3. Under the “Awesome Features” tab of the Overview page, you mention faster email, better spam protection, and unlimited storage. All for the good, but why did I have to wait until now for these improvements? And as part of this mysterious “upgrade”? I’ve had an email account with you for 10 years, for crying out loud. Is this the first time you’ve made any of these things better? Or are you really just throwing those in to sweeten the “upgrade” I haven’t agreed to yet?

4. Why does the new web email interface, which you tout heavily on the Overview page, look almost as ugly as the current interface? (Now with more purple!) Why do your video tutorials take great pains to crop out the areas of the interface where ads normally reside? Even if the new interface were bee-yootiful, if it had the vast number of ugly ads that festoon the old interface, it would be an unpleasant experience regardless.

5. If these new web abilities of your email are so great, why can’t you get the HTML of your own Overview page right? Here’s how it acts in Safari 5.0.5 if you make the window too narrow:

Before:
Space below selected 'Faster Email' tab has purple background and promotional contents.
After:
Space below selected 'Faster Email' tab is just blank and gray, with just the edge of a purple box all the way to the right.

And here’s a bit more tomfoolery I found:
White promotional text on top of other white promotional text, a big mess, on a purple background. The only clear text is at the end, which says, 'Everybody's happy.'

6. You mention a new Mobile interface, but never quite get around to mentioning on the Overview page that this is a web interface, not a native interface. What’s going to happen with the native iOS Yahoo mail? Anything? If not, can’t I just keep using that rather than agreeing to this “upgrade”? You mention waaaaay at the bottom of your “Emailing: The Basics” help page that, “If you upgrade to Yahoo Mail Beta, your experience using Yahoo Mail on your mobile device will not be affected”. But (a) that doesn’t answer my question, and (b) why the heck is a question like that on a “The Basics” page which is mostly about the nuts and bolts of using the email interface? Are you maybe trying to hide it?

7. Why does your help page say, “If you aren’t ready to try it out, no problem!” but the email I received say that I only have a month before I have to upgrade?

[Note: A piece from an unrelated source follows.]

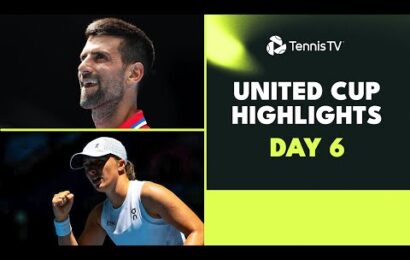 djokovic-vs-de-minaur;-swiatek,-tsitsipas-&-garcia-feature-|-united-cup-2024-day-6-highlights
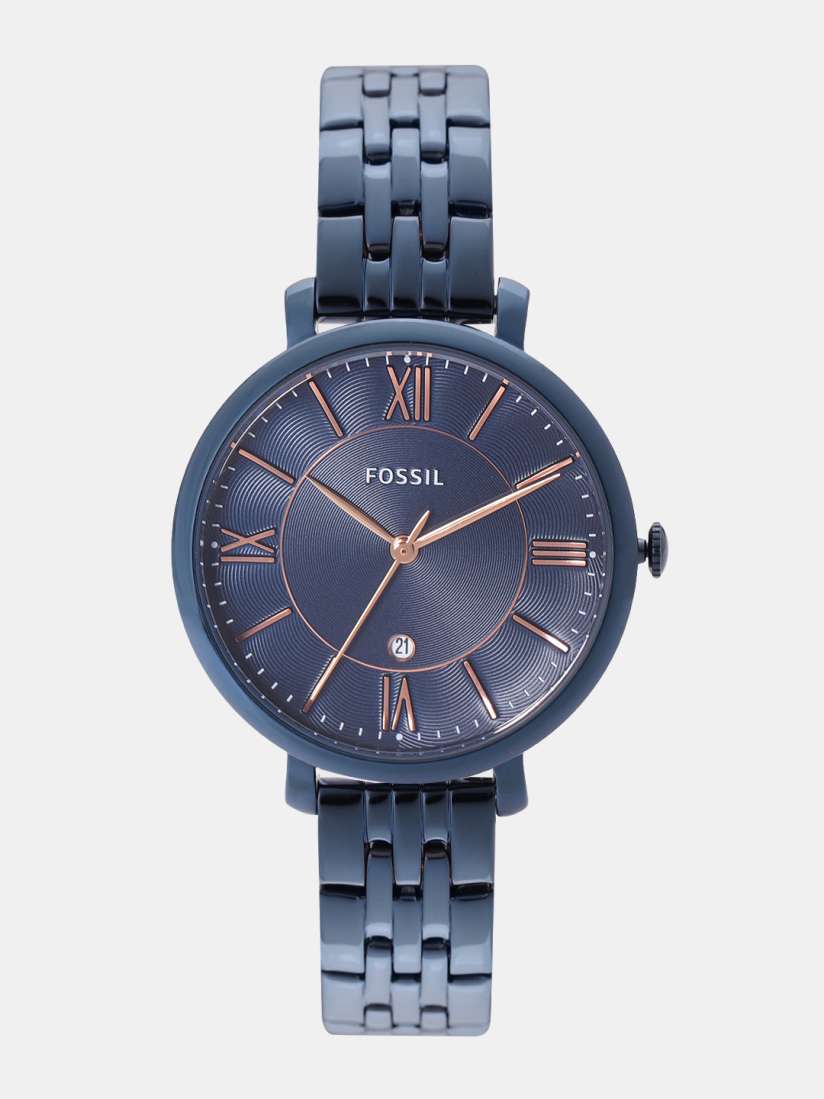 Buy Fossil Women Navy Blue Analogue Watch ES4094 Watches for Women 9037291 Myntra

8. When I was clicking around trying to find information about iOS, I found your page about what operating systems you support, last updated in October 2010. You know what it says? “Mac OSX “Tiger” and “Leopard” (10.4 & 10.5)”. For a service called “New Yahoo Mail”, wouldn’t you have expected someone to go through all the support pages and update them with the most up-to-date information? Doesn’t this say something about your attention to detail? And even if nobody did that, wasn’t Mac OS X 10.6 “Snow Leopard” actually released a year earlier than the last time this page was updated? Or are you actually saying you don’t officially support Snow Leopard? (Let alone Mac OS X 10.7 “Lion”!)

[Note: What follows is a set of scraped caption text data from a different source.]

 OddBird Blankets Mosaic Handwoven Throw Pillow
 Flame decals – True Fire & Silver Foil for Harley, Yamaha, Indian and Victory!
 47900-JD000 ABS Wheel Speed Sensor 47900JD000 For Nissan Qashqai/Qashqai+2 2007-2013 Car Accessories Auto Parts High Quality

9. Hey, what’s all this in your Mail Beta FAQ about “relevant ads”? Well, OK, you do answer that question in the FAQ itself; it sounds like one of the major things about the new Yahoo Mail is that it scans your email content, like Google, in order to show you ads that are, yes, relevant. That’s really one of the “features”, isn’t it? Part of the “new and exciting features” you mention above? But somehow can only think to mention at all, let alone in any detail, in your text-only, sans-exciting-videos-or-graphics FAQ? That you probably hope will be tl;dr for most people? Hey, at least for now, you let people opt out of it. That’s something.

10. Why do I still use Yahoo Mail?

Backwater

In John Siracusa’s and Dan Benjamin’s now-old podcast episode “The Bridges of Siracusa County”, Siracusa talks about how Perl has been an incubator of language innovation, not despite being a backwater, but because of it. Since it wasn’t straightjacketed by the requirements of an important platform, its users could experiment freely.

Let me tell you a bit about what I saw at Apple.

There were at least three places I knew of—in areas you might not expect—where being a relative backwater in the grand scheme of Apple’s priorities helped make a project both better and more enjoyable for the engineers involved.

Let’s tackle the first one: because the projects weren’t anyone’s priority, they didn’t have to be flashy or aligned with unrelated interests or subject to political whims. The engineers could, y’know, just do what they saw fit. Now, I’ve drunk enough Apple Kool-Aid to believe the engineers shouldn’t solely be in charge of a project. There still need to be real designers involved, among others. But the engineers who work day in and day out on a project are often the ones with the best insight on the important bugs, the little annoyances, the things that the actual users want. And given their freedom, they can fix and provide those things.

(The lower-tier engineers are generally not the ones to go to for sweeping, breathtaking new directions. And since Apple’s management skews towards that, you can see why they don’t listen to those engineers very much.)

And the second: because the engineers were allowed to exercise a little judgment and do their own thing, they had more fun. Important Apple projects can be extended death marches, where you both work insanely hard and really aren’t given much creative freedom. Maybe that’s the only way to get the kind of quality Apple provides consistently.

But, y’know, what fun is that?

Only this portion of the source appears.